Copy Markdown View Source

Async GPU Execution

ExCubecl supports non-blocking GPU command submission. This is critical for keeping the BEAM schedulers responsive.

Submit → Poll → Wait

# Submit work, get a command ID immediately
{:ok, cmd_id} = ExCubecl.submit("some_command")

# Poll for status (non-blocking)
{:ok, status} = ExCubecl.poll(cmd_id)
# status is one of: :pending, :running, :completed, :failed

# Or block until completion
:ok = ExCubecl.wait(cmd_id)

Why Async Matters

BEAM process  submit GPU command  return immediately
                                        
                              GPU processes work
                                        
                              callback/event later

You NEVER want the BEAM process waiting for GPU. This would block schedulers, cause latency spikes, and freeze the UI.

Polling Pattern

{:ok, cmd_id} = ExCubecl.submit("work")

result =
  Stream.iterate(0, &(&1 + 1))
  |> Enum.reduce_while(nil, fn _, _ ->
    case ExCubecl.poll(cmd_id) do
      {:ok, :pending} -> {:cont, nil}
      {:ok, :completed} -> {:halt, :ok}
      {:ok, :failed} -> {:halt, :error}
      {:error, r} -> {:halt, {:error, r}}
    end
  end)

Parallel GPU Work

# Submit multiple commands concurrently
{:ok, cmd_ids} =
  Enum.map(inputs, fn input ->
    {:ok, output} = ExCubecl.buffer(List.duplicate(0.0, 100), [100], :f32)
    {:ok, cmd_id} = ExCubecl.submit("process")
    {cmd_id, output}
  end)
  |> Enum.map(fn {cmd_id, _} -> cmd_id end)

# Wait for all
for cmd_id <- cmd_ids do
  :ok = ExCubecl.wait(cmd_id)
end

Pipeline Orchestration

Pipelines compose multiple GPU operations into a single executable graph.

Basic Pipeline

{:ok, pipeline} = ExCubecl.pipeline()

:ok = ExCubecl.pipeline_add(pipeline, "elementwise_add", [buf_a, buf_b], buf_out)
:ok = ExCubecl.pipeline_add(pipeline, "relu", [buf_out], buf_result)

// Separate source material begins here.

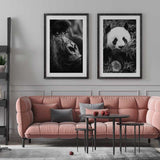 Decoración con cuadros, mural -  cuadro fotografía de gorila en blanco y negro. Lámina decorativa de foto de gorila.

{:ok, _cmd_ids} = ExCubecl.pipeline_run(pipeline)
:ok = ExCubecl.pipeline_free(pipeline)

Command Format

Pipeline commands are passed as structured arguments: kernel name, input buffer references, and output buffer reference.

Multi-Stage Pipeline

{:ok, input} = ExCubecl.buffer([1.0, 2.0, 3.0], [3], :f32)
{:ok, stage1} = ExCubecl.buffer([0.0, 0.0, 0.0], [3], :f32)
{:ok, stage2} = ExCubecl.buffer([0.0, 0.0, 0.0], [3], :f32)

{:ok, pipeline} = ExCubecl.pipeline()
:ok = ExCubecl.pipeline_add(pipeline, "elementwise_add", [input, input], stage1)
:ok = ExCubecl.pipeline_add(pipeline, "relu", [stage1], stage2)

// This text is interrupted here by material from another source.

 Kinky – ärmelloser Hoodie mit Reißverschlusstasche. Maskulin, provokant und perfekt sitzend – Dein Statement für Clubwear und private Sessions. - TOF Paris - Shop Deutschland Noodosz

{:ok, _cmd_ids} = ExCubecl.pipeline_run(pipeline)

{:ok, result} = ExCubecl.read(stage2)

:ok = ExCubecl.pipeline_free(pipeline)

Combining Async and Pipelines

Run an entire pipeline asynchronously:

{:ok, pipeline} = ExCubecl.pipeline()
:ok = ExCubecl.pipeline_add(pipeline, "gaussian_blur", [buf_in], buf_blur)
:ok = ExCubecl.pipeline_add(pipeline, "relu", [buf_blur], buf_out)

# Run pipeline synchronously (pipelines are already sequential on the GPU)
{:ok, _cmd_ids} = ExCubecl.pipeline_run(pipeline)
:ok = ExCubecl.pipeline_free(pipeline)